If I came out and suggested that you deploy a global network of MySQL servers (EC2, not RDS) in a multi-master ring, where data replicates 1 => 2 => 3 => 4 => 1 and each server ignores incoming replication messages with its own server id, my fellow MySQL DBAs would accuse me of having lost my mind and setting you up for a difficult-to-manage situation; however, I am convinced that this would be a much easier solution than what you have proposed, because at least, then, the data would be changing around the world in pretty much the same order in which it actually changed -- which would reduce the likelihood of conflicting updates originating from multiple locations. MySQL replication is asynchronous, in the sense that server 1 does not wait for a transaction to be committed on server 2 before returning success to the client (indicating that the transaction has committed), but don't confuse that fact with the fact that it is sequential -- transactions are replicated on each server in the order in which they were committed. (New options in MySQL 5.6 allow some exceptions to this by with parallel replication threads, but that isn't significant to this discussion).
Since you have devised a scheme for avoiding conflicting auto-increment values, your bigger problems are likely to come from updates and deletes. In the scenario I just described, if server 2 deleted a record and server 4 deleted the same record at the same time, then server 4 would stop replicating incoming events when it received the delete from server 2, because the "rows affected" would have been different. Your scenario would similarly fail. The difference is that using actual MySQL replication, nothing happening after the conflicting event happened, so until you resolved that conflict, at least your data would not diverge any further into inconsistency because of the sequential nature discussed above and the fact that MySQL replication completely stops whenever a conflict is encountered. In a ring of master servers, the server that has stopped replicating continues collecting a log of replication events from the upstream systems, but execution halts and the data on that server is frozen unless changed locally until the conflict is resolved and replication restarted.

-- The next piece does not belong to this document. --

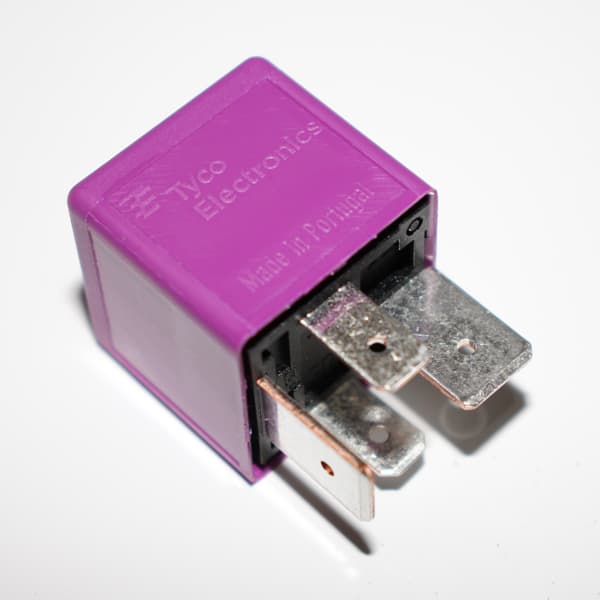 Relay bomba combustible orig astra /vectra 06/11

Note also that in your scenario, you need to preserve "from" and "to" values for each column on updates, because you can't roll anything back unless you know that it rolls back to.
That being noted, a rollback needs to occur in real-time, not later. If I transfer money between two bank accounts, and for some reason that transfer needs to roll back, I need to see that while I'm using the bank's web site -- the bank can't roll that transaction back in the middle of the night just because one of their servers has a different balance in my bank account.
Here's a thought: In your scenario, it the account I was transferring "to" was consistent among all the servers, but the account I was transferring "from" was not, then I wonder... would your setup roll back the withdrawal from the "from" account, but leave the deposit in the "to" account? I think it might.
Keep in mind that you are limited by the CAP theorem. No system can be globally consistent, available, and tolerate isolation among the nodes. At best, you can pick any two.
With that thought, the question I have is this: why do all of the nodes in your global system need to be synchronized? If the main reason is performance, consider the possibility of deploying a single global master server, with read replicas distributed among the regions. Write your application with two pools of database connection threads so that most SELECT queries go to the local read replica, while INSERT, DELETE, UPDATE, and CALL (stored procedures that update data), are sent to the global master server. Your biggest worry, then, becomes the fact that you only have eventual consistency on the read replicas. With properly-sized servers and well-written queries, this is very fast (subject to the laws of physics for global travel of optical and electrical signals) but it is not instantaneous. What you have to do to accomplish this is for sessions that have recently made changes to the database, their reads may need to hit the global master -- if you place an order, you need to see the order immediately, so the master might be the best place to look, right away. Later, looking at the local replica will work. You're still out of scope for RDS with this, because of the cross-regional issue... but MySQL on EC2 is a good fit.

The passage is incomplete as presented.